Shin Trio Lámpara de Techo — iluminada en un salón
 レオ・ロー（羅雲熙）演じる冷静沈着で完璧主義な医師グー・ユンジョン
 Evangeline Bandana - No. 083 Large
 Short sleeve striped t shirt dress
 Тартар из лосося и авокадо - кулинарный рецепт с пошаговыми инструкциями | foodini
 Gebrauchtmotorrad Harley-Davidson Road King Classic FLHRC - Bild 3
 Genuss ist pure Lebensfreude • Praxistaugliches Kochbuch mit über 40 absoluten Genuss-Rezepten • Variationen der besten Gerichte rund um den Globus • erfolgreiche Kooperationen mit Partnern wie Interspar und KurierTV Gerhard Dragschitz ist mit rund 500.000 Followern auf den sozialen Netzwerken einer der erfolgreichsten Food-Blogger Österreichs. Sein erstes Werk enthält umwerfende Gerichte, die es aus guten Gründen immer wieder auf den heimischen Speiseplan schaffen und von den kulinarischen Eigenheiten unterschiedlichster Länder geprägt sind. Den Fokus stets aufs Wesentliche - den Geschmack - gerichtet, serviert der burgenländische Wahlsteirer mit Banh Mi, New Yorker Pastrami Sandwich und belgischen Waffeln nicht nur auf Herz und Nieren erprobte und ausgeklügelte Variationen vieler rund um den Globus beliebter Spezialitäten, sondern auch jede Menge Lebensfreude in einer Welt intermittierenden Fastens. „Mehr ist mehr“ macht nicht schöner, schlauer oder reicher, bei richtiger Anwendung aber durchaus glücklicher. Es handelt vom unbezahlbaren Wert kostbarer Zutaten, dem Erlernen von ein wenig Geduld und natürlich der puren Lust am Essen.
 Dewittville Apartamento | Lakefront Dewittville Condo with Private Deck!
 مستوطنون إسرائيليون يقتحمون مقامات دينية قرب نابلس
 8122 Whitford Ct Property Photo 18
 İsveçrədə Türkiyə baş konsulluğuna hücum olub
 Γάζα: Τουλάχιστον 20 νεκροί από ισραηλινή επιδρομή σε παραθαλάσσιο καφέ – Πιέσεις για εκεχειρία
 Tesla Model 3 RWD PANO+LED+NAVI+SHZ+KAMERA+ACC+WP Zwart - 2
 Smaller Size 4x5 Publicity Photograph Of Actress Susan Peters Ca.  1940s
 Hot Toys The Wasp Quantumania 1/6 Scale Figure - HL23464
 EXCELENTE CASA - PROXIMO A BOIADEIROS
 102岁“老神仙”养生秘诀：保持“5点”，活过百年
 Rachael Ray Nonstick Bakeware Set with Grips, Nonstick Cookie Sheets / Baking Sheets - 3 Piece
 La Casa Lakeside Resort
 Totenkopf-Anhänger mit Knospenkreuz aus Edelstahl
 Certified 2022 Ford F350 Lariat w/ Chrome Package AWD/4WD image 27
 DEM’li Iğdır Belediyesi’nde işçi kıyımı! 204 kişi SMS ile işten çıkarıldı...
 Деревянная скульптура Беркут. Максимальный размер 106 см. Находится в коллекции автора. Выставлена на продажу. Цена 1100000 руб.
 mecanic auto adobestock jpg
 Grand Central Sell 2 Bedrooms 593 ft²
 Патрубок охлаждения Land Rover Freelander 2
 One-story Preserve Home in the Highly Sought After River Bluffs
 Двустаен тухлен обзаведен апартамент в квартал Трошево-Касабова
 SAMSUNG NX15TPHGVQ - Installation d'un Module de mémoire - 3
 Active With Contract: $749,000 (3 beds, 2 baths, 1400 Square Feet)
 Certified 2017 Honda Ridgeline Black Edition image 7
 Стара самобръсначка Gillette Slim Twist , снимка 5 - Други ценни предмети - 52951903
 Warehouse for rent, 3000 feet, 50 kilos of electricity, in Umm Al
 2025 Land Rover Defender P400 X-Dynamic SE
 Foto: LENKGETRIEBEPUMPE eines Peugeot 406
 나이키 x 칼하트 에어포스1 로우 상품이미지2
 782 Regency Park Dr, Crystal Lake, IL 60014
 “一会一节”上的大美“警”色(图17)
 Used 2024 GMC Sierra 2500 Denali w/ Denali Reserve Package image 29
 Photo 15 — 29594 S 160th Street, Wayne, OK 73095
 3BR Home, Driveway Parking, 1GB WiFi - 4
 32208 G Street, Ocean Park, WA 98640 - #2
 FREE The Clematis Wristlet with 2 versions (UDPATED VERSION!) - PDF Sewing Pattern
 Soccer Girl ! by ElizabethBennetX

> **Description of the task**
Look over the records. Copy the lines that include the word "Package".

> **Solution for this exercise**
 Certified 2022 Ford F350 Lariat w/ Chrome Package AWD/4WD image 27
 Used 2024 GMC Sierra 2500 Denali w/ Denali Reserve Package image 29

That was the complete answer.